## Problem statement
Every entry must be reproduced word for word.

Short descriptive text snippets
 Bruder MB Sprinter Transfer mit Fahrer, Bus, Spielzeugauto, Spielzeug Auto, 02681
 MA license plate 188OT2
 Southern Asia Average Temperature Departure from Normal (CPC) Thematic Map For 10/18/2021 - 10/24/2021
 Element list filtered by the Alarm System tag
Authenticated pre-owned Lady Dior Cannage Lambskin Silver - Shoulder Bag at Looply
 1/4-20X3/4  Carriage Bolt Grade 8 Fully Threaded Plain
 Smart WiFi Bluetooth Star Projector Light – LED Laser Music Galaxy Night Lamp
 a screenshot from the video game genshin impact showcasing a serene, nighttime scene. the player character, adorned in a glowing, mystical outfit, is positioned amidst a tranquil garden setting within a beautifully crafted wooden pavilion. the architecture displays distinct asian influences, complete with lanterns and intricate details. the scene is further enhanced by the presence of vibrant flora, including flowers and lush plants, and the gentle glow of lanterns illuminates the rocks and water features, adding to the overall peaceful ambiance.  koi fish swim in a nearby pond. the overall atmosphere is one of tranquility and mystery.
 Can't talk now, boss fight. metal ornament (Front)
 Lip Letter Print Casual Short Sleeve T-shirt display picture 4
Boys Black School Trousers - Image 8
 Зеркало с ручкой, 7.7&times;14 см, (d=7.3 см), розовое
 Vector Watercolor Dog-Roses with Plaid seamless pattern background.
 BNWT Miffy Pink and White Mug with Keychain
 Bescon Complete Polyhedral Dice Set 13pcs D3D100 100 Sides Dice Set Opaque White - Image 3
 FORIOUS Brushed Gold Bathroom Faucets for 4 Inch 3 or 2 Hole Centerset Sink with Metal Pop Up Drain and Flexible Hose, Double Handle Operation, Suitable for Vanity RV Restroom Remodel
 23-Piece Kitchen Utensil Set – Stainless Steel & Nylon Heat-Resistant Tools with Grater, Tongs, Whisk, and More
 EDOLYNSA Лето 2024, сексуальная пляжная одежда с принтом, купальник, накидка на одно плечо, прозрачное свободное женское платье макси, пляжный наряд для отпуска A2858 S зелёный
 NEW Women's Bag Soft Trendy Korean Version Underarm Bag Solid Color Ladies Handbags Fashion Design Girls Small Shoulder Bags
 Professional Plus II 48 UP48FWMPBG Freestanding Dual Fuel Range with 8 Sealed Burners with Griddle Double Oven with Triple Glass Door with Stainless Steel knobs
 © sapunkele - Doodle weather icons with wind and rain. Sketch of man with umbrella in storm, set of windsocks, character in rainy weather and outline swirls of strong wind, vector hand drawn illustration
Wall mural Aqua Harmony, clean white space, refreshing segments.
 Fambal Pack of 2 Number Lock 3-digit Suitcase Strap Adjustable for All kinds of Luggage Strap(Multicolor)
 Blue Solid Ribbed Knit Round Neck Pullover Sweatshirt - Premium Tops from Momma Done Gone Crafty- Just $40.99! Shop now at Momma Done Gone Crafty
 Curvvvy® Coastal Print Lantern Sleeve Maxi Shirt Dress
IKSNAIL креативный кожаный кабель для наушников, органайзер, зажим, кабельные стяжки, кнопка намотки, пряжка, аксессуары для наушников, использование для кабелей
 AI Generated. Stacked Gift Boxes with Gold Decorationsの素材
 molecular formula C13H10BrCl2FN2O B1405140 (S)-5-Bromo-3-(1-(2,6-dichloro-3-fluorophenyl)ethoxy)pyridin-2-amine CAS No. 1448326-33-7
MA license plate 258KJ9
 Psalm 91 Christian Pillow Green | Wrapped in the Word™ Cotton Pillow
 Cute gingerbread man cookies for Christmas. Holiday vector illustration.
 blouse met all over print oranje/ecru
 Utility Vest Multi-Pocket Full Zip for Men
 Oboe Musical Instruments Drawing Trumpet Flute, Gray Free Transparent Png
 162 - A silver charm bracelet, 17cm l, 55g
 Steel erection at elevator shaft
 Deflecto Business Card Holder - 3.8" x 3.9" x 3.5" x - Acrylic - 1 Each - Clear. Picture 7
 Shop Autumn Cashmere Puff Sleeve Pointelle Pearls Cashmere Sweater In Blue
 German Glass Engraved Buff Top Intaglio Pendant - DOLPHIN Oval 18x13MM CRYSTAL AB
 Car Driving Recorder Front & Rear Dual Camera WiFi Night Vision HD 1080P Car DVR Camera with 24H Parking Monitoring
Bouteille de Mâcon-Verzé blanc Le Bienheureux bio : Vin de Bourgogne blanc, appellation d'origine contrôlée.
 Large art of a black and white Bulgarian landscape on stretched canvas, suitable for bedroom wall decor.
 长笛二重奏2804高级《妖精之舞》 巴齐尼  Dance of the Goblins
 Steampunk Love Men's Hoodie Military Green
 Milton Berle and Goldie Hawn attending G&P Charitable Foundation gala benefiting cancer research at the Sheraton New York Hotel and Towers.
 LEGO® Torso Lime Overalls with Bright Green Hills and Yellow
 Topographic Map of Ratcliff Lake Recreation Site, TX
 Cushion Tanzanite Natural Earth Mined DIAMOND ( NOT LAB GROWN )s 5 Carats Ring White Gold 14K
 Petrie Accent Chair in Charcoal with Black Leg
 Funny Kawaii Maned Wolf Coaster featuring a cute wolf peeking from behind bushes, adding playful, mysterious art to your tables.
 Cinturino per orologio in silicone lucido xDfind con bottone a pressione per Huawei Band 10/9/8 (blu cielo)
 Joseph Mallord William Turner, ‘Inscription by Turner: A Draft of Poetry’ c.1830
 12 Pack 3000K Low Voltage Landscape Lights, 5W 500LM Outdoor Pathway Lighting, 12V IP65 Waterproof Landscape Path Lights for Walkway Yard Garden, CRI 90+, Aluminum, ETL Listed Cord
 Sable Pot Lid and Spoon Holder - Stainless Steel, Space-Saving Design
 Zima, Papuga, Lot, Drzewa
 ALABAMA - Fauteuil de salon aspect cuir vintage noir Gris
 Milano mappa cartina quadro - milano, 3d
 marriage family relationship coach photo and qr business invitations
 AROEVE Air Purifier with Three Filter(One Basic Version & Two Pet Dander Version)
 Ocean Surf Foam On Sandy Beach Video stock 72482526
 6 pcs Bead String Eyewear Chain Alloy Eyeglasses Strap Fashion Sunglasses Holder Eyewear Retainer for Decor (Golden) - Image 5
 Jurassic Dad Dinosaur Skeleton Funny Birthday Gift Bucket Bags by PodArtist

## Task answer
 Bruder MB Sprinter Transfer mit Fahrer, Bus, Spielzeugauto, Spielzeug Auto, 02681
 MA license plate 188OT2
 Southern Asia Average Temperature Departure from Normal (CPC) Thematic Map For 10/18/2021 - 10/24/2021
 Element list filtered by the Alarm System tag
Authenticated pre-owned Lady Dior Cannage Lambskin Silver - Shoulder Bag at Looply
 1/4-20X3/4  Carriage Bolt Grade 8 Fully Threaded Plain
 Smart WiFi Bluetooth Star Projector Light – LED Laser Music Galaxy Night Lamp
 a screenshot from the video game genshin impact showcasing a serene, nighttime scene. the player character, adorned in a glowing, mystical outfit, is positioned amidst a tranquil garden setting within a beautifully crafted wooden pavilion. the architecture displays distinct asian influences, complete with lanterns and intricate details. the scene is further enhanced by the presence of vibrant flora, including flowers and lush plants, and the gentle glow of lanterns illuminates the rocks and water features, adding to the overall peaceful ambiance.  koi fish swim in a nearby pond. the overall atmosphere is one of tranquility and mystery.
 Can't talk now, boss fight. metal ornament (Front)
 Lip Letter Print Casual Short Sleeve T-shirt display picture 4
Boys Black School Trousers - Image 8
 Зеркало с ручкой, 7.7&times;14 см, (d=7.3 см), розовое
 Vector Watercolor Dog-Roses with Plaid seamless pattern background.
 BNWT Miffy Pink and White Mug with Keychain
 Bescon Complete Polyhedral Dice Set 13pcs D3D100 100 Sides Dice Set Opaque White - Image 3
 FORIOUS Brushed Gold Bathroom Faucets for 4 Inch 3 or 2 Hole Centerset Sink with Metal Pop Up Drain and Flexible Hose, Double Handle Operation, Suitable for Vanity RV Restroom Remodel
 23-Piece Kitchen Utensil Set – Stainless Steel & Nylon Heat-Resistant Tools with Grater, Tongs, Whisk, and More
 EDOLYNSA Лето 2024, сексуальная пляжная одежда с принтом, купальник, накидка на одно плечо, прозрачное свободное женское платье макси, пляжный наряд для отпуска A2858 S зелёный
 NEW Women's Bag Soft Trendy Korean Version Underarm Bag Solid Color Ladies Handbags Fashion Design Girls Small Shoulder Bags
 Professional Plus II 48 UP48FWMPBG Freestanding Dual Fuel Range with 8 Sealed Burners with Griddle Double Oven with Triple Glass Door with Stainless Steel knobs
 © sapunkele - Doodle weather icons with wind and rain. Sketch of man with umbrella in storm, set of windsocks, character in rainy weather and outline swirls of strong wind, vector hand drawn illustration
Wall mural Aqua Harmony, clean white space, refreshing segments.
 Fambal Pack of 2 Number Lock 3-digit Suitcase Strap Adjustable for All kinds of Luggage Strap(Multicolor)
 Blue Solid Ribbed Knit Round Neck Pullover Sweatshirt - Premium Tops from Momma Done Gone Crafty- Just $40.99! Shop now at Momma Done Gone Crafty
 Curvvvy® Coastal Print Lantern Sleeve Maxi Shirt Dress
IKSNAIL креативный кожаный кабель для наушников, органайзер, зажим, кабельные стяжки, кнопка намотки, пряжка, аксессуары для наушников, использование для кабелей
 AI Generated. Stacked Gift Boxes with Gold Decorationsの素材
 molecular formula C13H10BrCl2FN2O B1405140 (S)-5-Bromo-3-(1-(2,6-dichloro-3-fluorophenyl)ethoxy)pyridin-2-amine CAS No. 1448326-33-7
MA license plate 258KJ9
 Psalm 91 Christian Pillow Green | Wrapped in the Word™ Cotton Pillow
 Cute gingerbread man cookies for Christmas. Holiday vector illustration.
 blouse met all over print oranje/ecru
 Utility Vest Multi-Pocket Full Zip for Men
 Oboe Musical Instruments Drawing Trumpet Flute, Gray Free Transparent Png
 162 - A silver charm bracelet, 17cm l, 55g
 Steel erection at elevator shaft
 Deflecto Business Card Holder - 3.8" x 3.9" x 3.5" x - Acrylic - 1 Each - Clear. Picture 7
 Shop Autumn Cashmere Puff Sleeve Pointelle Pearls Cashmere Sweater In Blue
 German Glass Engraved Buff Top Intaglio Pendant - DOLPHIN Oval 18x13MM CRYSTAL AB
 Car Driving Recorder Front & Rear Dual Camera WiFi Night Vision HD 1080P Car DVR Camera with 24H Parking Monitoring
Bouteille de Mâcon-Verzé blanc Le Bienheureux bio : Vin de Bourgogne blanc, appellation d'origine contrôlée.
 Large art of a black and white Bulgarian landscape on stretched canvas, suitable for bedroom wall decor.
 长笛二重奏2804高级《妖精之舞》 巴齐尼  Dance of the Goblins
 Steampunk Love Men's Hoodie Military Green
 Milton Berle and Goldie Hawn attending G&P Charitable Foundation gala benefiting cancer research at the Sheraton New York Hotel and Towers.
 LEGO® Torso Lime Overalls with Bright Green Hills and Yellow
 Topographic Map of Ratcliff Lake Recreation Site, TX
 Cushion Tanzanite Natural Earth Mined DIAMOND ( NOT LAB GROWN )s 5 Carats Ring White Gold 14K
 Petrie Accent Chair in Charcoal with Black Leg
 Funny Kawaii Maned Wolf Coaster featuring a cute wolf peeking from behind bushes, adding playful, mysterious art to your tables.
 Cinturino per orologio in silicone lucido xDfind con bottone a pressione per Huawei Band 10/9/8 (blu cielo)
 Joseph Mallord William Turner, ‘Inscription by Turner: A Draft of Poetry’ c.1830
 12 Pack 3000K Low Voltage Landscape Lights, 5W 500LM Outdoor Pathway Lighting, 12V IP65 Waterproof Landscape Path Lights for Walkway Yard Garden, CRI 90+, Aluminum, ETL Listed Cord
 Sable Pot Lid and Spoon Holder - Stainless Steel, Space-Saving Design
 Zima, Papuga, Lot, Drzewa
 ALABAMA - Fauteuil de salon aspect cuir vintage noir Gris
 Milano mappa cartina quadro - milano, 3d
 marriage family relationship coach photo and qr business invitations
 AROEVE Air Purifier with Three Filter(One Basic Version & Two Pet Dander Version)
 Ocean Surf Foam On Sandy Beach Video stock 72482526
 6 pcs Bead String Eyewear Chain Alloy Eyeglasses Strap Fashion Sunglasses Holder Eyewear Retainer for Decor (Golden) - Image 5
 Jurassic Dad Dinosaur Skeleton Funny Birthday Gift Bucket Bags by PodArtist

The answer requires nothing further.